Lesson 16: Introduction to Infinite Series

Infinite Series

What does it mean to add up a sequence of numbers? (Remember that sequences are always infinite, so this is a question about adding up an infinite set of numbers.) As explained in Section 10.2, to compute the sum sum(a_n,n = 1 .. infinity) , we first form the sequence s of partial sums:

s_1 = a_1 , s_2 = a_1+a_2 , s_3 = a_1+a_2+a_3 , ... ,

whose general term is

s_n = sum(a_i,i = 1 .. n) = a_1 + a_2 + a_3 + ... + a_n ,

and then compute the limit s = limit(s_n,n = infinity) .

This procedure can be very hard to do directly by hand---a large part of Chapter 10 is devoted to showing you ways of doing it indirectly---but it is sometimes feasible with Maple . Let's look at summing the series

sum((5/9)^n,n = 0 .. infinity) .

We begin by defining the sequence a of terms of the series, and the sequence s of partial sums. To save some typing, we will use the function syntax to define a_n and s_n as functions of n . Note that both sequences actually start with n = 0 , rather than n = 1 , since the first term in the sum is n = 0 .

> a := proc(n) (5/9)^n end:

> s := proc(n) sum(a(i), i=0..n) end:

We can now easily print out the first few terms; for example,

> a(n) $n=0..10;

1, 5/9, 25/81, 125/729, 625/6561, 3125/59049, 15625...

Similarly, here are the first few partial sums:

> s(n) $n=0..10;

1, 14/9, 151/81, 1484/729, 13981/6561, 128954/59049...

Notice that these two sequences are different!!! The second sequence consists of sums of the terms in the first sequence; for example, the first three partial sums are

> a(0); a(0) + a(1); a(0) + a(1) + a(2);

1

14/9

151/81

In case you still need convincing, here are plots of the two sequences. First is a plot of the sequence of terms; next is a plot of the sequence of partial sums.

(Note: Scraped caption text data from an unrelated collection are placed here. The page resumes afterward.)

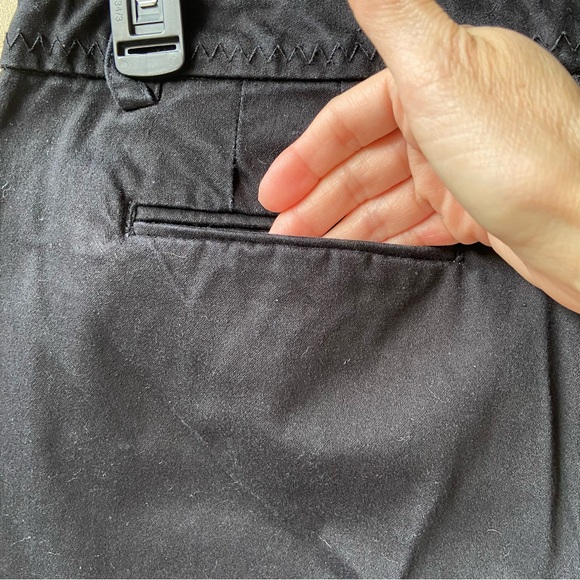 CATO Black Flat Front Pleated Dress Capris Size 8 - Picture 13 of 16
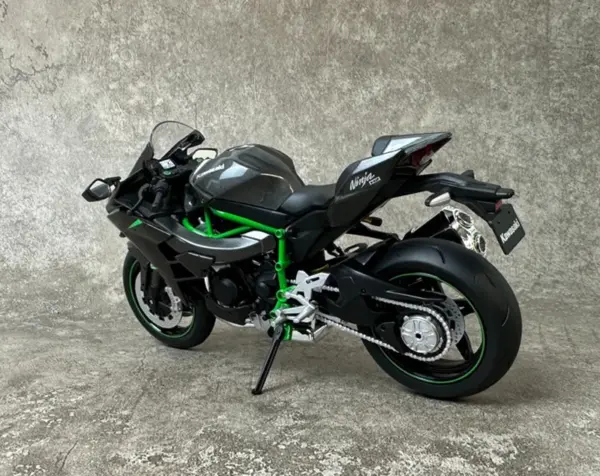 1:12 Scale H2 H2R Alloy Motorcycle Model - Image 3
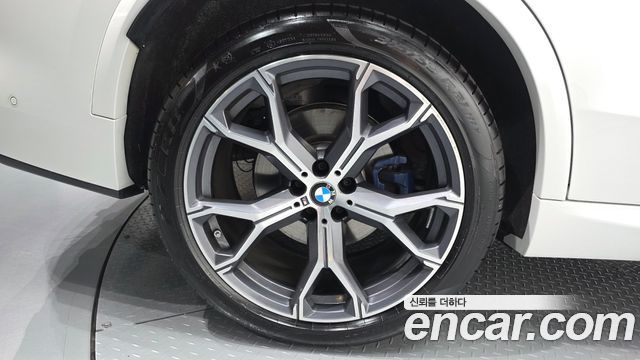 BMW X5 (G05) xDrive 40i M Sport 2025 — фото 5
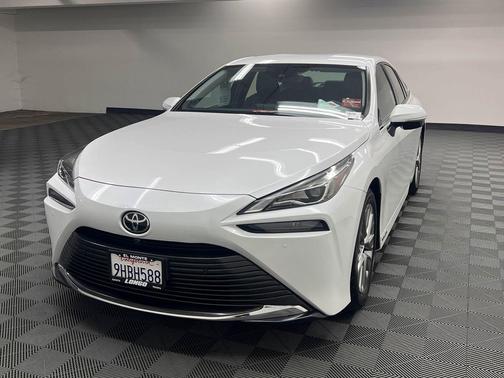 Oxygen White 2023 Toyota Mirai Base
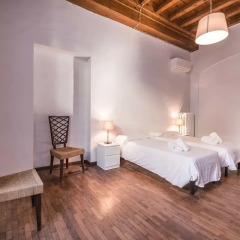 Отель Close to The Duomo Exquisite 4BD комната для гостей фото 2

> plot([[n,a(n)] $n=0..50], x=0..50, style=point);

[Maple Plot]

> plot([[n,s(n)] $n=0..50], x=0..50, style=point);

[Maple Plot]

The sequences of terms appears to converges to 0, and you can check with limit that this is correct. This does not mean that the series has a sum of 0. The sum of the series is the limit of the partial sums:

> limit(s(n), n=infinity);

9/4

This means we can write sum((5/9)^n,n = 0 .. infinity) = 9/4 . Not surprisingly, Maple could have given us this answer in one step.

> sum((5/9)^n, n=0..infinity);

9/4

>

Question 4

For each of the following series, define the sequence of terms and the sequence of partial sums, then find the sum of the series by taking the limit of the latter, if it exists. (Some of the series may diverge.) For each example, check your result by asking Maple to sum the series.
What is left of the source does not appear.